Scheduling with RAW hazards

I have an instruction that takes no operands, and produces two results, in two consecutive cycles.

I tried both of the following to my Schedule.td file:

InstrItinData<IIMyInstr, [InstrStage<2, [FuncU]>], [1, 2]>,
InstrItinData<IIMyInstr, [InstrStage<1, [FuncU]>, InstrStage<1, [FuncU]>], [1, 2]>,

From what I can see in examples, these say that the first operand is ready the cycle after issue, and the second is ready 2 cycles after issue.

But when I issue an instruction that uses both results, it does not obey this hazard, and is issued the cycle immediately after. Are there any target hooks I need to implement to get this scheduling correctly?

I noticed that my target was using the default HazardRecognizer, which is effectively disabled, so I changed it to use the ScoreboardHazardRecognizer instead. I'm also still using the SelectionDAG scheduler, but will need to change to the MI scheduler at some point, to keep up with trunk.
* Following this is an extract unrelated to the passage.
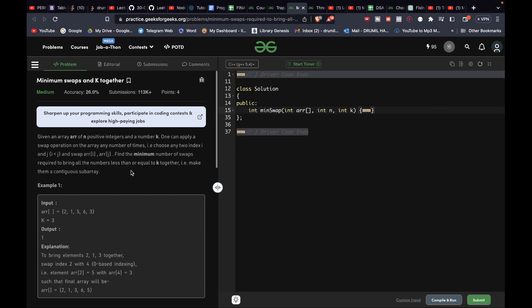Let's understand with example 1. We are given the array [2, 1, 5, 6, 3]. What we could do is swap 5 and 3 — that is one swap — and we will be able to successfully make a subarray which has all elements less than or equal to k together.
Should either of these help?

Thanks,
Fraser

I have an instruction that takes no operands, and produces two results, in two consecutive cycles.

I tried both of the following to my Schedule.td file:

InstrItinData<IIMyInstr, [InstrStage<2, [FuncU]>], [1, 2]>,
InstrItinData<IIMyInstr, [InstrStage<1, [FuncU]>, InstrStage<1, [FuncU]>], [1, 2]>,

From what I can see in examples, these say that the first operand is ready the cycle after issue, and the second is ready 2 cycles after issue.

Yes, they look equivalent.

But when I issue an instruction that uses both results, it does not obey this hazard, and is issued the cycle immediately after. Are there any target hooks I need to implement to get this scheduling correctly?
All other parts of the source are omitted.